管家本来想给莺羽换个人伺候,无奈小红是穆凌指派过来的,只怕穆凌回头再怪罪到自己身上。穆凌最近又忙的很,管家不忍再让他为了莺羽操劳,好不容易见他闲下来了,一五一十把那天听到的内容告诉了穆凌,穆凌自然是气的不轻,责问为什么现在才说。管家连连告饶,说最近看主子忙的脚不沾地的,那里有心情管莺羽姑娘呦。
穆凌这样听他这样一说心里更加愧疚,只觉得是自己没能照顾好莺羽,处理完了手上的事情就去看莺羽,眼见前几天还水灵灵的人儿如今躺在床上竟然毫无灵一样气了,只觉得心里刀绞一样难受。支开小红握着莺羽的手说了许久的话,莺羽像有感觉似得,手指动了动。却始终都没能醒。
穆凌和管家商量着先把这事压下来,趁机清理一下府邸里面用心不轨的人,用小红做引子,一点点把那些人拉出来。只嘱咐管家千万要小心照看着莺羽,他不想莺羽再出任何差错了。还没说完,就又有人说毕雍刚才来府上了,说是来坐坐,穆凌虽也好奇毕雍怎么没的来这里来,却也不好拂了毕雍的意,只能出去应了。

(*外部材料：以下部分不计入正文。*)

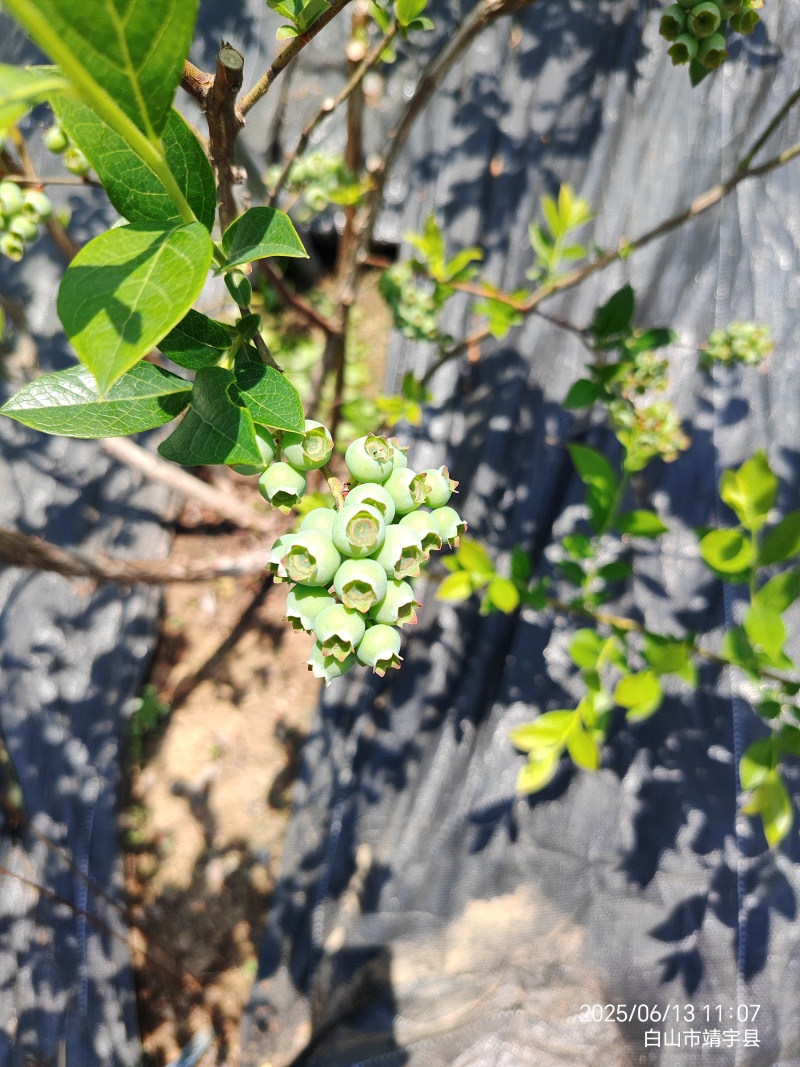 吉林长白山高品质蓝莓绿色无农残！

酒喝得差不多了,毕雍便旁侧左击的问莺羽的去处,穆凌哪能听不出来。但一来他不信按毕雍的能力找不出来莺羽在自己这儿,二来他也实在是不想直接告诉毕雍,总觉得有低了一头的意味,便处处都和毕雍的问话错过去,一顿饭下来两个人都身心俱疲的,谁也没能捞到好处,穆凌不免觉得有些可笑,到底爬上了这个位置,应酬也只会多不会少,哪怕是为了自己的心爱的女人,心里也总觉得不是滋味。
毕雍见怎么着也套不住话来,便改了话题谈些最近朝堂上的事情,总算没有让整个酒席太过难堪。毕雍大约多少有点喝醉了,刚刚收了酒席就拉着穆凌要到春玉堂去。穆凌坳他不过,只能跟他去了,老鸨见是他们两个来,只这两个都是扔钱连眼都不眨的主,挑了尚还算好的姑娘过来,毕雍却不要,只要了一个单独的房间叫了次玲去了。
次玲见是毕雍心里不禁欢喜起来,一来毕雍毕竟算是熟客,总比那些外面那些肮脏男人好伺候,再来毕雍向来出手大方,随手送个东西都能够自己接待好多其他普通客人的,三来毕雍这个样子来,问起话来总是事半功倍,唯一不足的只是穆凌也在不太方便罢了。
“怎么忽然带我到这里来了?”穆凌像是调笑般问“怕不是要给我介绍这位姑娘吗,她那里比的上莺羽好。”
次玲听穆凌赤裸裸的这样说心里难免不舒服,却也知道这是无可辩驳的事实,便也不说什么,低眉顺眼的给他们倒酒。已经醉的差不多的毕雍偏偏要把她的脸抬起来,手指在她脸上慢慢摩挲,次玲觉得脸上发痒却不好推开,只能顺从着毕雍的意思,只是眼睛仍然看着桌上的酒,并没有抬起来的意思。
“看看,”毕雍说“也未必有莺羽长得漂亮,琴棋书画也都比不上莺羽,那我为什么比较喜欢点她呢?不过就是看中这个女人老实罢了,在妓院你不知道这样的女人有多难得,穆兄遇上过吗,论这一点,怕是莺羽比不上她一点点吧。”
穆凌只当做是毕雍怕是今天又受了什么委屈喝酒想醉了,只当这些是胡话,又见次玲被人抬着下巴实在是难受的厉害,他知道这里次玲向来是和莺羽交好的,不愿意莺羽连这么个好朋友被欺负了,别的时候他看不见,这可是在他眼前。
他一边去推毕雍的手一边提醒到“这是干什么呢?别让人家姑娘吓得下次都不敢见你了,那你的艳福是不是得分我一点了啊。好歹也混了那么多年了,怎么喝这点酒就醉了,怕不是装醉发酒疯吧?”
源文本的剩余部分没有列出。